Um diese Zeit eilte Lammingers junge Tochter aus dem Schlossgarten in ihr Gemach. Es war für sie ein prächtiger Spaziergang auf den mit feinem Sand bestreuten Stegen zwischen dem hie und da schon jung ergrünenden Gesträuche, unter Bäumen, deren Äste voll Knospen waren. Doch die um sie herum herrschende Stille begannen lärmende Gäste zu stören. Ein Gemisch von tiefen Männerstimmen wurde vor der Gartenwand, vor dem Gartentor und rundherum vernehmbar. Dieses dumpfe Gesumme wuchs immer mehr an, bis es wie das Brausen eines grossen Stromes rauschte. Das Fräulein schrak förmlich zusammen, als sie durch das Gesträuch blickte. Überall sah sie weisse, lange Scherkenröcke, überall lauter schwarze, breitkrempige Hüte.

Ringsherum standen überall Choden: junge, alte, auch runzelige Männer, doch lauter stämmiges Volk mit feurigen Blicken, ausdrucksvollem Gesichte und mit dunklem, langen, bis auf die Schultern herabwallenden Haare. Auf Grund der Kundmachung des Kreishauptmannes kamen sie hier aus dem ganzen Chodengau in grosser Anzahl zusammen. Jeder wollte die Entscheidung der Wiener Herren, diese fröhliche Botschaft auf eigene Ohren vernehmen. Sie standen je nach dem Alter, der Bekanntschaft oder den Dörfern in grösseren oder kleineren Gruppen da. Am zahlreichsten waren die Bewohner von Klenč, Possigkau und Aujezdl erschienen – doch auch die entfernteren Dörfer: Kličov, Melhut und Putzeried entsendeten die Mehrzahl ihrer Männer. Die zahlreichste und geräuschvollste Gruppe war am Rande der Lindenallee versammelt, wo die weissen Röcke der um Brychta aus Possigkau und Ecl Čtverák, deren Faschingszug so viel besprochen wurde, versammelten Männer schimmerten. Noch jetzt lachten alle, als ihnen Čtverák selbst in seiner lustigen Art davon erzählte.
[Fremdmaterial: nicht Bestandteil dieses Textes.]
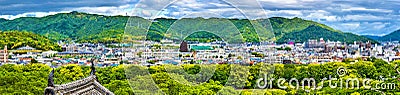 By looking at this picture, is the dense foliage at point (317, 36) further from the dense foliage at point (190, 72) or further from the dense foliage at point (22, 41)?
the dense foliage at point (190, 72)

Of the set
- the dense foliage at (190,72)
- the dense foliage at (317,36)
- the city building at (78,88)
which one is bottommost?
the dense foliage at (317,36)

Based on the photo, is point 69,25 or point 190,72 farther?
point 69,25

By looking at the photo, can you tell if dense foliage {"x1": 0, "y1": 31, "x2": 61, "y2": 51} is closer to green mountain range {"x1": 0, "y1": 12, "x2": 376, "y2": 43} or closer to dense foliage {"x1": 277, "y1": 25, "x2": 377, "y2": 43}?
green mountain range {"x1": 0, "y1": 12, "x2": 376, "y2": 43}

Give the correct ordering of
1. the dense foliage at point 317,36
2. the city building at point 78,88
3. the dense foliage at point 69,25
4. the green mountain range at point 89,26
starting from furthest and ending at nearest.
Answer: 1. the dense foliage at point 317,36
2. the green mountain range at point 89,26
3. the dense foliage at point 69,25
4. the city building at point 78,88

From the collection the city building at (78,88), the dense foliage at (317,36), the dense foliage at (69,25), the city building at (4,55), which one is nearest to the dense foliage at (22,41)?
the city building at (4,55)

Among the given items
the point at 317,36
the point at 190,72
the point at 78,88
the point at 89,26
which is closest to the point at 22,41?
the point at 89,26

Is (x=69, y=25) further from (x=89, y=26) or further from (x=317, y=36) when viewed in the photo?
(x=317, y=36)

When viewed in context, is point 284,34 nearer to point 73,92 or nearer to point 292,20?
point 292,20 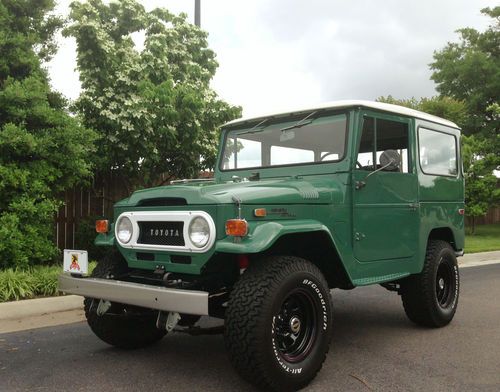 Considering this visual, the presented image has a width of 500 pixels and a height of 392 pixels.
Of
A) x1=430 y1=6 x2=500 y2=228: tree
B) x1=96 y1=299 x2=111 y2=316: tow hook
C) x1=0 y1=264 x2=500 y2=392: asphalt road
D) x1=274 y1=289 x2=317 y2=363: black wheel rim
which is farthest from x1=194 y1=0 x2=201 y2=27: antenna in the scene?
x1=430 y1=6 x2=500 y2=228: tree

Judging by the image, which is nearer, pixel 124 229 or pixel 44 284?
pixel 124 229

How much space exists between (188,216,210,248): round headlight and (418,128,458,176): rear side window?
2698mm

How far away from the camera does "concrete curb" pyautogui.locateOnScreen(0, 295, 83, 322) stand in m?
5.83

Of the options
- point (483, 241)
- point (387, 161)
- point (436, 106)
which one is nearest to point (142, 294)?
point (387, 161)

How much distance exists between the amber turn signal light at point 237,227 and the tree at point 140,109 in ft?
17.8

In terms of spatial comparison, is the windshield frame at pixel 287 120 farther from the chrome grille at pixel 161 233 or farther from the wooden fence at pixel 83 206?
the wooden fence at pixel 83 206

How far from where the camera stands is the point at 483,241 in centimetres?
1669

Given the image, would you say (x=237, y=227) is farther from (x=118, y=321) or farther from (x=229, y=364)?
(x=118, y=321)

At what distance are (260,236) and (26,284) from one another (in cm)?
422

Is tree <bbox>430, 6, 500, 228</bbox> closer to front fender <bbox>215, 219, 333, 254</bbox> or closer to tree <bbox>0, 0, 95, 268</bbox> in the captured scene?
tree <bbox>0, 0, 95, 268</bbox>

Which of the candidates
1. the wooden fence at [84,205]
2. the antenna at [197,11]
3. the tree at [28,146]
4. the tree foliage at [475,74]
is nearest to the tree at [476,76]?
the tree foliage at [475,74]

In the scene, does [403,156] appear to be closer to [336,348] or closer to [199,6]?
[336,348]

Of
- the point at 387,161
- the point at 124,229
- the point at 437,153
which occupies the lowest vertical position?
the point at 124,229

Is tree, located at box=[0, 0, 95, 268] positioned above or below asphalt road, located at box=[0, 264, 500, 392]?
above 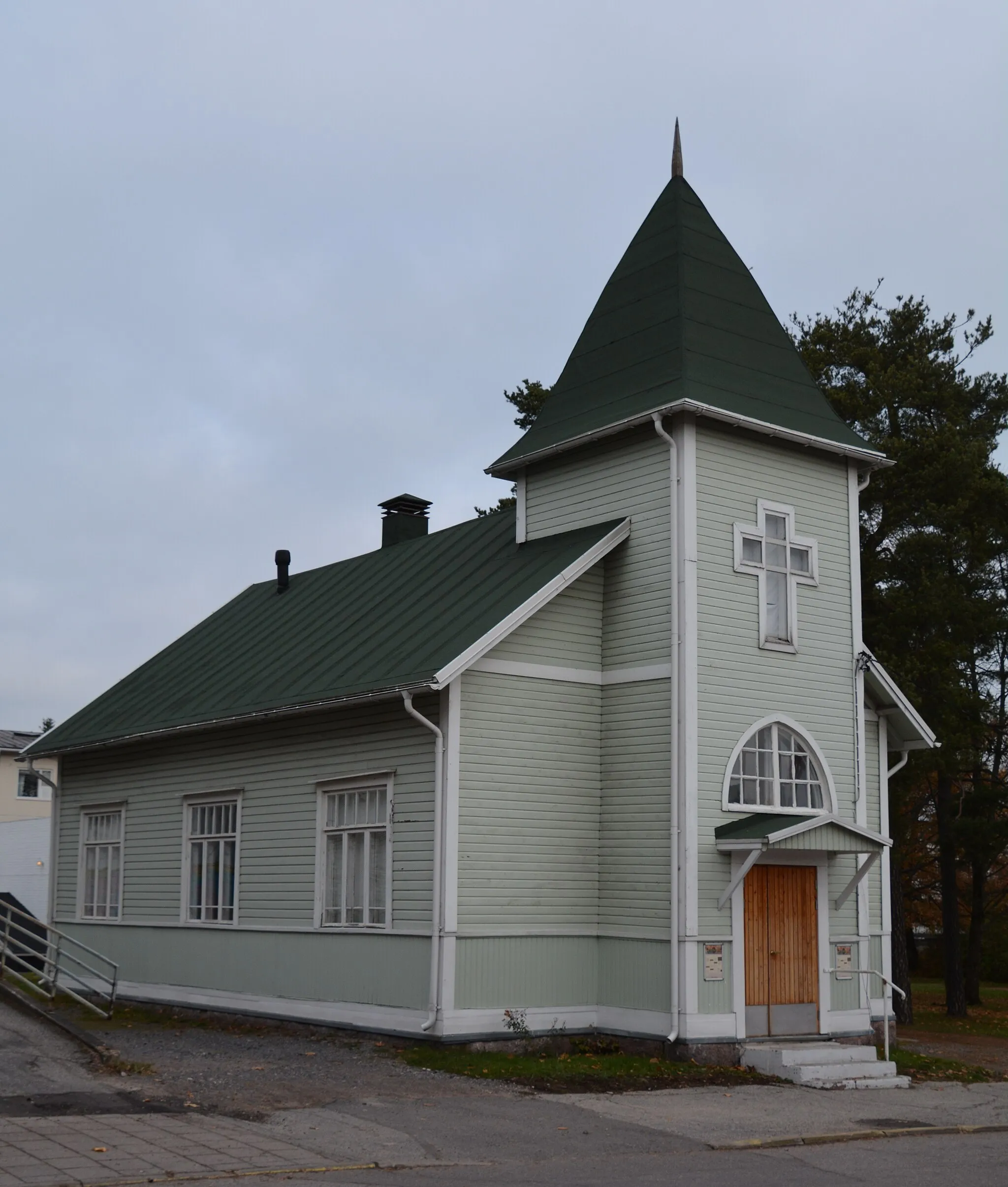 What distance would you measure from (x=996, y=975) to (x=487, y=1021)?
3242cm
Der weisshaarige ernste Christoph Hrubý stand mit seinem Neffen Kozina und einigen älteren Bauern in dem zum Schlosshofe führenden Tor. Alle blickten schweigsam in der Richtung der Kanzlei, wohin Syka gegangen war, um dort Unterhandlungen zu pflegen. Lamminger wollte, die Entscheidung solle in der Kanzlei vorgelesen werden, und der wiedergenesene, vor einigen Tagen zurückgekehrte Verwalter kam, um jene Choden zu bestimmen, die sich in die Kanzlei begeben sollten. Dagegen erhoben sich aber alle.

»Wozu habt ihr uns gerufen?« riefen sie aus. »Alle haben wir geklagt, alle möchten wir gerne die Entscheidung hören.«

Das Geräusch und Gesumme um das Schloss herum begann sich plötzlich zu legen, bis es auch in den entferntesten Gruppen mit einem Schlag verstummte. Im Tor erschien Syka, der mit der Čakane schwenkend das Zeichen gab, stille zu sein und mit weit vernehmbarer Stimme rief:

»Der Herr Kreishauptmann hat es zugestanden – kommt rasch, hierher in den Hof–«

Wie ein plötzlicher Windstoss, wie ein aufgehaltener und plötzlich abgelassener Wildbach verliessen die Choden auf einmal die Stellen, wo sie gestanden, und strömten durch das Bogentor in den Hof. Allen voran war Brychta, dessen Stimme auch dieses Gesumme und Geräusch grell durchdrang. Im Augenblicke war der Hofraum des Schlosses voll; und alles war von den lichten, langen Scherkröcken weiss. Mann an Mann, ein schwerer breitkrempiger Hut an dem anderen, hie und da eine Mütze – hie und da das Blitzen einer beschlagenen Čakane. An der Spitze der Menge gegenüber dem Fenster der Kanzlei im ersten Stockwerk standen die Erbrichter, Kozina und in einiger Entfernung hinter ihm Matthias Přibek, der alle wie eine Eiche im weiten Walde überragte.

Aller Blicke waren auf die Kanzlei, aus der sie eine so wichtige Nachricht erwarteten, emporgerichtet. Die meisten erwarteten mit Sicherheit eine fröhliche Nachricht, denn Lamminger widerlegte auch nicht mit einer Silbe die Versicherungen des Wiener Advokaten und die des Just und er liess nichts von der Entscheidung, die ihm längst bekannt war, in die Öffentlichkeit dringen. Er wartete ab, bis von Wien aus die Erlaubnis herablangen wird, dass den Choden der Inhalt der Urkunde nicht auf ihrer ehemaligen Burg in Taus, sondern auf seiner Burg zu Chodenschloss verkündigt werden dürfe.

Es gab wenige unter den Versammelten, denen im Geiste ein beklemmender Zweifel aufgestiegen wäre, und auch diese wagten ihn nicht ganz ihren zuversichtlich und freudig erregten Landsleuten kundzugeben. So konnte sich's Syka, der »Prokurator«, im Kopfe nicht recht in Ordnung bringen, warum weder Štraus noch die Wiener Landsleute von dieser Entscheidung irgend eine Nachricht schickten. Doch diesen Zweifel beseitigte Kozina selbst mit dem Hinweis auf die viel raschere Beförderung und Verbindung der Ämter und Herrschaften untereinander.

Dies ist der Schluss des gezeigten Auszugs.